Operating as a non-profit organization, the NJCA is designed to
help people settle their differences amiably without going through the
expensive, slow, and often alienating court process. The key concept is
mediation helping others to come to a settlement with which they can
live.
NJCA offers a mediation service in which both disputing parties
come to the center to discuss their differences on a personal level. The
mediations take place in a cordial, non-judicial environment with a neutral
mediator who hears the case, enabling possible solutions to surface. In a
mediation the desired outcome is a written agreement signed by both parties and
the mediator. Coercion is not a facet of the NJCA. The agreement reached is a
mutual effort and is signed voluntarily, just as the presence of all concerned
is voluntary. The success of NJCA is impressive. Eighty percent of the cases
mediated reach an agreement that is satisfactory to all parties. When the cases
are followed up 90 days after mediation, 75 percent are still abiding by the
agreement.
When it began in 1977, the NJCA was part of a pilot program set up
by the federal government to ease overcrowding in the judicial system.

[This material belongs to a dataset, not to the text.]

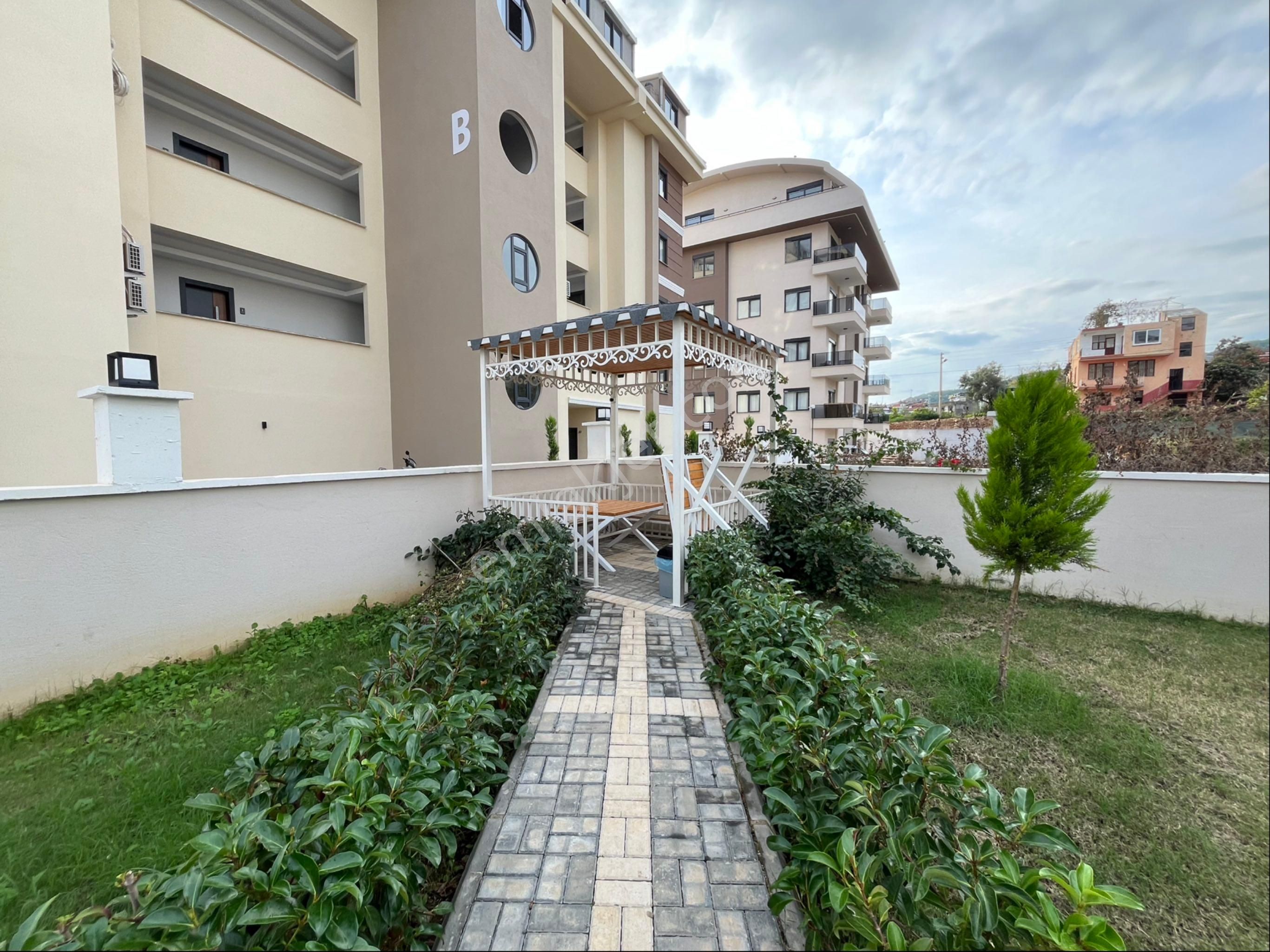 Alanya/oba Satılık 1+1 45m2 Sıfır Daire - Görsel 5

Of the
three centers in the original program (the others were in Kansas City and Los
Angeles), the Atlanta center is the only one still operating. Due to budget
cuts, federal funding was lost in 1979, and since then it has been financed by
the United Way, city and county governments in the Atlanta area, and many
private foundations and citizens.
The staff consists of six full-time employees, three of whom have
law degrees. The center, however, is not a legal service. The staff is
responsible for obtaining operation funds, keeping an active referral system,
doing intake work on cases, and scheduling mediations. The actual mediations
are done by eighty volunteers who have gone through a very intense training
course. These mediators make up the heart of the NJCA. The mediator is
carefully matched with each ease and is someone both parties can trust and
respect.
Ms. Edith Primm, Executive Director of the center, says, No
matter how compassionate a judge may be, he or she cannot possibly devote
enough time to resolve disputes between people involved in continuing
relationships. The judge cannot be professionally concerned with why something
happened, but can only be concerned with the legality of the situation.
NJCA has discovered that more often than not underlying factors are more of a
problem than the actual incident itself. The advantage of using mediators is
that they can deal with this hidden agenda, or the why behind what
happened. In fact, many judges refer cases to the NJCA.
In an age in which litigation is so prevalent, disputes between
friends, family members, neighbors, landlord and tenant, consumer and merchant,
employer and employee are often taken to the courtrooms. As a result, the
courts are flooded with cases that require dispute resolution. The NJCA offers
an alternative to the impersonal coldness of a courtroom. During mediation,
persons involved in the settlement are treated as persons of worth who take
responsibility for living up to the agreement they will make with each other.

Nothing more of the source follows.